Running Ollama or llama.cpp as a background process with nohup is fragile. Systemd manages the process lifecycle, restarts it on failure, collects logs, and enforces resource limits.

Create a systemd service for Ollama:

sudo nano /etc/systemd/system/ollama.service

[Unit]
Description=Ollama Service
After=network-online.target
Wants=network-online.target

[Service]
Type=simple
User=ollama
Group=ollama
ExecStart=/usr/local/bin/ollama serve
Environment="OLLAMA_HOST=0.0.0.0:11434"
Environment="OLLAMA_NUM_PARALLEL=4"
Environment="OLLAMA_GPU_OVERHEAD=0"
Restart=always
RestartSec=10
StandardOutput=journal
StandardError=journal

[Install]
WantedBy=multi-user.target

Create the user before enabling:

sudo useradd --system --no-create-home --shell /usr/sbin/nologin ollama
sudo systemctl daemon-reload
sudo systemctl enable ollama
sudo systemctl start ollama

Verify:

sudo systemctl status ollama
# ● ollama.service - Ollama Service
#    Loaded: loaded (/etc/systemd/system/ollama.service; enabled; vendor preset: enabled)
#    Active: active (running) since Mon 2026-05-25 10:00:00 UTC; 5s ago
journalctl -u ollama -f  # follow logs

Failure mode: Service starts but the process exits immediately with exit code 203. The User=ollama directive references a user that does not exist. Create it first or temporarily use User=root for debugging.

Failure mode: journalctl -u ollama shows Killed with OOM reason. The Ollama process exceeded the memory limit. Default systemd MemoryMax is unlimited unless set. Add MemoryMax=32G under [Service] if the system has limited RAM and you want to protect other services.

Failure mode: Service restarts repeatedly with Restart=always. The underlying cause (e.g., port already in use, CUDA out of memory) is not being resolved before the restart. Add ExecStartPre=/bin/sleep 2 to add a delay and check logs with journalctl -u ollama -n 50 before debugging.

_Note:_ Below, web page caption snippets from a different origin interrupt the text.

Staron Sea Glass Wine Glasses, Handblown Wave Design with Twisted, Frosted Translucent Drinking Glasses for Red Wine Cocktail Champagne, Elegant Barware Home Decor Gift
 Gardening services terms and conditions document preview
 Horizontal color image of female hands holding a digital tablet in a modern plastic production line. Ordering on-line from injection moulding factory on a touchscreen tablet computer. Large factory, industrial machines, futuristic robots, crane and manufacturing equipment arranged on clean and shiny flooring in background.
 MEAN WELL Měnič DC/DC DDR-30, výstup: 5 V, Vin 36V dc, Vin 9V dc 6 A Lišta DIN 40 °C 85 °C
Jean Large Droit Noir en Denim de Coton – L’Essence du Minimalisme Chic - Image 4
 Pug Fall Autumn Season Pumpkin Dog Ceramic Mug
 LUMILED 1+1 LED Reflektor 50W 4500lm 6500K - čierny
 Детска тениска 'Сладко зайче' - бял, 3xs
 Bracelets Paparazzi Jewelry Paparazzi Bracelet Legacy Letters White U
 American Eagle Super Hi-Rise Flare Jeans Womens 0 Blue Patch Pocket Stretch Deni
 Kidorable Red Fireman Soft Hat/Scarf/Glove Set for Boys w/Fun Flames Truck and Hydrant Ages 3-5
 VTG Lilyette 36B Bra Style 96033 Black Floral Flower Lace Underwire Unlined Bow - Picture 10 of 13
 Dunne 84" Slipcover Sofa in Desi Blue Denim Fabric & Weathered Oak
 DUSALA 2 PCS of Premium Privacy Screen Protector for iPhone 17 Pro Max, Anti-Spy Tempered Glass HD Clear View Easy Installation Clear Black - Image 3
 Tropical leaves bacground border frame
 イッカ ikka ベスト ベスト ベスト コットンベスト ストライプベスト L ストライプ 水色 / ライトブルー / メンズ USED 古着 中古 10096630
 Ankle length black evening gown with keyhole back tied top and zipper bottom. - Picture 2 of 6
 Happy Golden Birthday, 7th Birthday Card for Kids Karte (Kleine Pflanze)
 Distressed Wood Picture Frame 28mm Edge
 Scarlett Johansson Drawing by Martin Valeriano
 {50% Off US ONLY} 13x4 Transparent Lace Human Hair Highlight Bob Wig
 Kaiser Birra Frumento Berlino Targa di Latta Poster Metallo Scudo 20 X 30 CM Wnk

Local verification checkpoint

Run the smallest example from this chapter in a local workspace and record the package version, runtime, data path, and observed output. If the result depends on model size, vector count, CPU/GPU backend, or available memory, note that constraint beside the exercise so the lesson remains reproducible.